■ TASK TO CARRY OUT ■
Find "this 500×375 image." in the material below, then copy that line and every subsequent line to the end, exactly.

■ GIVEN DATA ■
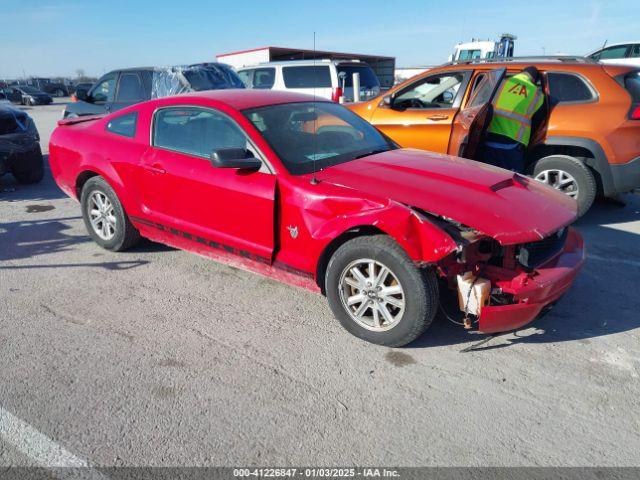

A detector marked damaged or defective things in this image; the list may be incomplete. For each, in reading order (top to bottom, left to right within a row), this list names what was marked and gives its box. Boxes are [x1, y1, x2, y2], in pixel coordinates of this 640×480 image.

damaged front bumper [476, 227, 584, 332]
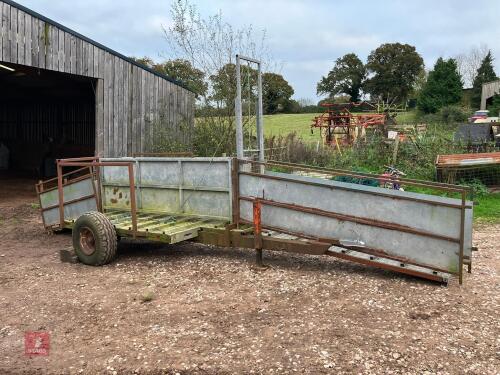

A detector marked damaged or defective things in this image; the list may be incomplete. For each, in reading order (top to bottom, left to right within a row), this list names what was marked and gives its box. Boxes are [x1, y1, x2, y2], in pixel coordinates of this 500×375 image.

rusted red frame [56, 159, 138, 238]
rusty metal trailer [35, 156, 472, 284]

■ WRITTEN SOLUTION ■
A detector marked damaged or defective things in this image; the list may be incomplete. For each, in reading order (top to bottom, left to right within a row), this list names what was marked and gives its box. Boxes are [x1, y1, x2, y2], in pixel coordinates of this 500×375 image.

rusted red frame [56, 159, 138, 238]
rusty metal trailer [35, 156, 472, 284]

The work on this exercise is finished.